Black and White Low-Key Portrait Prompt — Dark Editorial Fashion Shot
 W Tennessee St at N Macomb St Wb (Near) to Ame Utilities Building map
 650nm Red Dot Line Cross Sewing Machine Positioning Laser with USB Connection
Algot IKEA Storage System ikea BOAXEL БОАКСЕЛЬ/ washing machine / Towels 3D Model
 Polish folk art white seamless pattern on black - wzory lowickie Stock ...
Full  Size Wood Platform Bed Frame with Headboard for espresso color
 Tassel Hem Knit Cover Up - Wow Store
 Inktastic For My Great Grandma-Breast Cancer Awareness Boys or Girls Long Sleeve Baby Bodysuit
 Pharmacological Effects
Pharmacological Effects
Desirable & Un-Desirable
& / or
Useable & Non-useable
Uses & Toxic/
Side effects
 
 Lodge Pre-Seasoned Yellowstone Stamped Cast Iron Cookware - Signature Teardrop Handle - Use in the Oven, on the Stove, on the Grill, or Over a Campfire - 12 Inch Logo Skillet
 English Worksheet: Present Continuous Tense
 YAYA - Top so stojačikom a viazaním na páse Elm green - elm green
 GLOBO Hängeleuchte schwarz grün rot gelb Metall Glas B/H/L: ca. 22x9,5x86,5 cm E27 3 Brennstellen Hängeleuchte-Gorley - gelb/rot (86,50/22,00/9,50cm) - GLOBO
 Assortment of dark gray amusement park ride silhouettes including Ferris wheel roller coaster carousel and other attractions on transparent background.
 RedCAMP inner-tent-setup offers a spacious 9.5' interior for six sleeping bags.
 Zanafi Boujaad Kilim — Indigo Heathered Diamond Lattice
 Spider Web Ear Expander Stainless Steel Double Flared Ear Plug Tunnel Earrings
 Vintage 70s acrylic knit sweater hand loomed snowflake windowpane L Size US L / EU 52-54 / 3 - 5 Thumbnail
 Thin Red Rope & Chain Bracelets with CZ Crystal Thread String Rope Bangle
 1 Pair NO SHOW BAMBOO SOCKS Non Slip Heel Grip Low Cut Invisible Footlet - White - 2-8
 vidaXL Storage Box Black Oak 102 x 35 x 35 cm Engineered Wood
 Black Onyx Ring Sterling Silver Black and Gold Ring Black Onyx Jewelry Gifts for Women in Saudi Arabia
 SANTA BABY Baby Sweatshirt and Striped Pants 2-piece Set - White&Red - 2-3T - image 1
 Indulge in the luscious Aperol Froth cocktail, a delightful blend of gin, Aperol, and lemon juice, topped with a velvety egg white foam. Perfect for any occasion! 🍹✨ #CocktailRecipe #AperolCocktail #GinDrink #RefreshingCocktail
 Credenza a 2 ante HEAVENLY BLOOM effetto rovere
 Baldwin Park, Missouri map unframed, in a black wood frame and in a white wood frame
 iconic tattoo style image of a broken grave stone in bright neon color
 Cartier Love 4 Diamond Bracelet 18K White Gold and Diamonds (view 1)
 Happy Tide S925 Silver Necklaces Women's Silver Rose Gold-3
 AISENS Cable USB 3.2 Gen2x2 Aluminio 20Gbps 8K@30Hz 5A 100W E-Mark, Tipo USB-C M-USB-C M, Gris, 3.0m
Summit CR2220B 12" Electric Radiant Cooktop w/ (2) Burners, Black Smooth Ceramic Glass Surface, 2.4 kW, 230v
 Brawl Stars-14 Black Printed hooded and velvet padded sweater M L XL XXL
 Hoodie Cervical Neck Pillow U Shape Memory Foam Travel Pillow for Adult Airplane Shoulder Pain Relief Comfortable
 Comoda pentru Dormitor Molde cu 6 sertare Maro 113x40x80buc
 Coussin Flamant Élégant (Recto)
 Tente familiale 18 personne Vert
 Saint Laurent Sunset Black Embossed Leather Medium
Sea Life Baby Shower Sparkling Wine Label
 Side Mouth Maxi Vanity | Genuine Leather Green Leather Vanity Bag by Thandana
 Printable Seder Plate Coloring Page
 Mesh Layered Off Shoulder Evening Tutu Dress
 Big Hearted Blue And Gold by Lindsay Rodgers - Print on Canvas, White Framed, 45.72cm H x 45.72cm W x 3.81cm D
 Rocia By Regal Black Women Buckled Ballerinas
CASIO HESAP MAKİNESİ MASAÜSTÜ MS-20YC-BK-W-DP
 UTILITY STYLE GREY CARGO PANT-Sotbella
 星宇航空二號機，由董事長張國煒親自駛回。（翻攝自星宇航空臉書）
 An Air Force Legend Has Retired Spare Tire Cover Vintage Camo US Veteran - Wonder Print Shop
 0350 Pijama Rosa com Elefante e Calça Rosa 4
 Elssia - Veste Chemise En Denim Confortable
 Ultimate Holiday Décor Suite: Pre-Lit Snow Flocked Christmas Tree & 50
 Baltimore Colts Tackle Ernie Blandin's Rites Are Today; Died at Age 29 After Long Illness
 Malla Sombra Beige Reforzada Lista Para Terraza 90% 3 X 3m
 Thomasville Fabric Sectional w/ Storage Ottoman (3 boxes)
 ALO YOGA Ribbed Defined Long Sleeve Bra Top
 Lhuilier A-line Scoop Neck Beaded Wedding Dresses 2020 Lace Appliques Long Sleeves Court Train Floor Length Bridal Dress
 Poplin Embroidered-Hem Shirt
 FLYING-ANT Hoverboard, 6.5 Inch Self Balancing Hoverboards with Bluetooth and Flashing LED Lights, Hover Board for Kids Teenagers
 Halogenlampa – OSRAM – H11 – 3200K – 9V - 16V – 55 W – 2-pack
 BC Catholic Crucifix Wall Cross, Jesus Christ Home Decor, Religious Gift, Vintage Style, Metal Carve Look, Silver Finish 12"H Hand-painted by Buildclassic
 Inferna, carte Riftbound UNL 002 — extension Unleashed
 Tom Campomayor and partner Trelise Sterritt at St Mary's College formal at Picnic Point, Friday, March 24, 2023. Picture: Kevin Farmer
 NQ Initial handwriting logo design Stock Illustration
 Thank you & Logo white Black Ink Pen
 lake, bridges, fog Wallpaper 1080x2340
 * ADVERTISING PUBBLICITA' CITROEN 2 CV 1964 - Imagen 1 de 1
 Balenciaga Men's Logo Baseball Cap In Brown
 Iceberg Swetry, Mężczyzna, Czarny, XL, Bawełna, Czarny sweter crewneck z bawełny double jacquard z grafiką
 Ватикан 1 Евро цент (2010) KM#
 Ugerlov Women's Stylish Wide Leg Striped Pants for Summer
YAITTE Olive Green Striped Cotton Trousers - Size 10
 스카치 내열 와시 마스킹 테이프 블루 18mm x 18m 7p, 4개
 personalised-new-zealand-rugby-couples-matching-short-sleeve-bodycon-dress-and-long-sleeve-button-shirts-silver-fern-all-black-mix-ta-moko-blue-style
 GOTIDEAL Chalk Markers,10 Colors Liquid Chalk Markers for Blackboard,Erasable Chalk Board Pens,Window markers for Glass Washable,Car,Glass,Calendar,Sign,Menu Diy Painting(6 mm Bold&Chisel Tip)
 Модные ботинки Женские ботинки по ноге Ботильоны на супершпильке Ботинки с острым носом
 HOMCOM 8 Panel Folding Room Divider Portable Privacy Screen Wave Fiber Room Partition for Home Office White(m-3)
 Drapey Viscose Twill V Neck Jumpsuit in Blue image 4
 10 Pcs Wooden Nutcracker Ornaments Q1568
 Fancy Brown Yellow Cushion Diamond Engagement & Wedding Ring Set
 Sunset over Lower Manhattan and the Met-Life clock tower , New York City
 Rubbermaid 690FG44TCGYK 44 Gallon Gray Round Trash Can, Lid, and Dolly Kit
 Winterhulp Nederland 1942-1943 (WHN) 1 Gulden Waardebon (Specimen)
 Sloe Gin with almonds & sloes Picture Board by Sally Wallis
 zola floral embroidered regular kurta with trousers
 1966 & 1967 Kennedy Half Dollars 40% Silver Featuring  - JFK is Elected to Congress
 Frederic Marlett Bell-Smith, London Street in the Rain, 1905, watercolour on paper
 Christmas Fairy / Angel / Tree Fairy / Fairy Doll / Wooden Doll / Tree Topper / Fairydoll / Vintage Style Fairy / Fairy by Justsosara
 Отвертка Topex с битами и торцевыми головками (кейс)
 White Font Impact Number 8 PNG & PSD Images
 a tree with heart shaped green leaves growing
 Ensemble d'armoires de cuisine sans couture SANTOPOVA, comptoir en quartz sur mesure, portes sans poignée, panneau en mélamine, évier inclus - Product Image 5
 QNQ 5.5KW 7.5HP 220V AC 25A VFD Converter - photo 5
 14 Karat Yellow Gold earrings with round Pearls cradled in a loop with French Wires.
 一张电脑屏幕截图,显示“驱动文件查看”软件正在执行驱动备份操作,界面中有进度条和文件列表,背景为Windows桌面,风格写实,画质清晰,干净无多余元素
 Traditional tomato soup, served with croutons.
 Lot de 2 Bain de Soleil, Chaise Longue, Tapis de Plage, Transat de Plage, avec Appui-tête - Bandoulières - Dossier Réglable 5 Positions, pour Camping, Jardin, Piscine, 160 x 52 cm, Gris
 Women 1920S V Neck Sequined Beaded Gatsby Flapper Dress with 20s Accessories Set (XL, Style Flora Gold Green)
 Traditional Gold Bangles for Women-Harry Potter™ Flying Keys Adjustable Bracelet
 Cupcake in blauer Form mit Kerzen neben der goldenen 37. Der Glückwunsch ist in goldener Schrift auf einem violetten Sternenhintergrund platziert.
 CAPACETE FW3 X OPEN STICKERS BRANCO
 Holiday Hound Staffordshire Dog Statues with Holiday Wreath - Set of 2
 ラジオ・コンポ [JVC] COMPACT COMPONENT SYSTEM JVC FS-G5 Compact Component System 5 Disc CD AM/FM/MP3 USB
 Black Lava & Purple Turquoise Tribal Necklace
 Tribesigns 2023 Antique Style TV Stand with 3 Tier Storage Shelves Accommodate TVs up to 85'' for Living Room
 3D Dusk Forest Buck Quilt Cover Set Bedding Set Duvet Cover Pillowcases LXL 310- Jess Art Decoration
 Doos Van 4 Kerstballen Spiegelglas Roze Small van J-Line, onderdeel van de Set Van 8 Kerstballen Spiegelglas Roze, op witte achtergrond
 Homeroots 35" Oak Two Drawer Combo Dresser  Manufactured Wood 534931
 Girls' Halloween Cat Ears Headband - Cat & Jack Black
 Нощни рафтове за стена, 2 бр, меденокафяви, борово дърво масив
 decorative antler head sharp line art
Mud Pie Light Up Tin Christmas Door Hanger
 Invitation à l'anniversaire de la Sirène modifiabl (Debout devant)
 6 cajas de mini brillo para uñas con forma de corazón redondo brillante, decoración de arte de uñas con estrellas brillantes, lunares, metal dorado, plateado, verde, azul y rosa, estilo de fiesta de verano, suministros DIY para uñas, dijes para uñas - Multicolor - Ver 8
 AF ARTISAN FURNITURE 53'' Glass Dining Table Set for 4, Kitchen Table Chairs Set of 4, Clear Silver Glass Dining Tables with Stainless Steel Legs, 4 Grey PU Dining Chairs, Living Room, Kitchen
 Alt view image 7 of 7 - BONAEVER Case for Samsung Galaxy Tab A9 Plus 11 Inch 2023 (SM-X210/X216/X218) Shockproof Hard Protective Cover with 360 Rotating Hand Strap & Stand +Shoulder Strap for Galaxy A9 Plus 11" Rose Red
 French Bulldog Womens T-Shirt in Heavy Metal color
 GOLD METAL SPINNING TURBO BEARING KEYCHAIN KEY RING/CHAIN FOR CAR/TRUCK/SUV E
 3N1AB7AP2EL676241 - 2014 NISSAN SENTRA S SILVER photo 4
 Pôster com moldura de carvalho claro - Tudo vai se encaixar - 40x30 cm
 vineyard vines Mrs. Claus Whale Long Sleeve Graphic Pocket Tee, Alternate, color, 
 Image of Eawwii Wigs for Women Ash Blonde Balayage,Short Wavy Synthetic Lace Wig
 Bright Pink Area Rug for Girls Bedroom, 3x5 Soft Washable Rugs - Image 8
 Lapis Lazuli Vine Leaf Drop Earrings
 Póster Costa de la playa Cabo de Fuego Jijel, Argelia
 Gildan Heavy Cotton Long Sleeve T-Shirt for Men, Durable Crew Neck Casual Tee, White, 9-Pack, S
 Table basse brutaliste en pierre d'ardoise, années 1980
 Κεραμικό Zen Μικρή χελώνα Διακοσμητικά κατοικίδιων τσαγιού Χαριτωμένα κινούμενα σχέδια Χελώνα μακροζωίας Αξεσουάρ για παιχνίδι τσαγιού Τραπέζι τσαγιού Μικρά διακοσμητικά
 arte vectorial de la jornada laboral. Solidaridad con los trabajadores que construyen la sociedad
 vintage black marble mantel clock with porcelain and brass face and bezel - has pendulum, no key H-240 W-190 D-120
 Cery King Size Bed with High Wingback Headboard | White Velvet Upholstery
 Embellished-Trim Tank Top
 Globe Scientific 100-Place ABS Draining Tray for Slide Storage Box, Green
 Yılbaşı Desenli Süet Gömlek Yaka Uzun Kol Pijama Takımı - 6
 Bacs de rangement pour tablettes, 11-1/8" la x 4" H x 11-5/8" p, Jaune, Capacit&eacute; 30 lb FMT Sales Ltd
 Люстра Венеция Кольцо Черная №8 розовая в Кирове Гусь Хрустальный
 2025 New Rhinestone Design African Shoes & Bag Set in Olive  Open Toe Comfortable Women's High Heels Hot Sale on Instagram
++++++++
=== WORK ITEM ===
Above are the entries. Output exactly the lines beginning with the line that has "스카치 내열 와시 마스킹 테이프 블루 18mm x 18m 7p, 4개" and ending with the line that has "Winterhulp Nederland 1942-1943".

=== ANSWER TO THE EXERCISE ===
 스카치 내열 와시 마스킹 테이프 블루 18mm x 18m 7p, 4개
 personalised-new-zealand-rugby-couples-matching-short-sleeve-bodycon-dress-and-long-sleeve-button-shirts-silver-fern-all-black-mix-ta-moko-blue-style
 GOTIDEAL Chalk Markers,10 Colors Liquid Chalk Markers for Blackboard,Erasable Chalk Board Pens,Window markers for Glass Washable,Car,Glass,Calendar,Sign,Menu Diy Painting(6 mm Bold&Chisel Tip)
 Модные ботинки Женские ботинки по ноге Ботильоны на супершпильке Ботинки с острым носом
 HOMCOM 8 Panel Folding Room Divider Portable Privacy Screen Wave Fiber Room Partition for Home Office White(m-3)
 Drapey Viscose Twill V Neck Jumpsuit in Blue image 4
 10 Pcs Wooden Nutcracker Ornaments Q1568
 Fancy Brown Yellow Cushion Diamond Engagement & Wedding Ring Set
 Sunset over Lower Manhattan and the Met-Life clock tower , New York City
 Rubbermaid 690FG44TCGYK 44 Gallon Gray Round Trash Can, Lid, and Dolly Kit
 Winterhulp Nederland 1942-1943 (WHN) 1 Gulden Waardebon (Specimen)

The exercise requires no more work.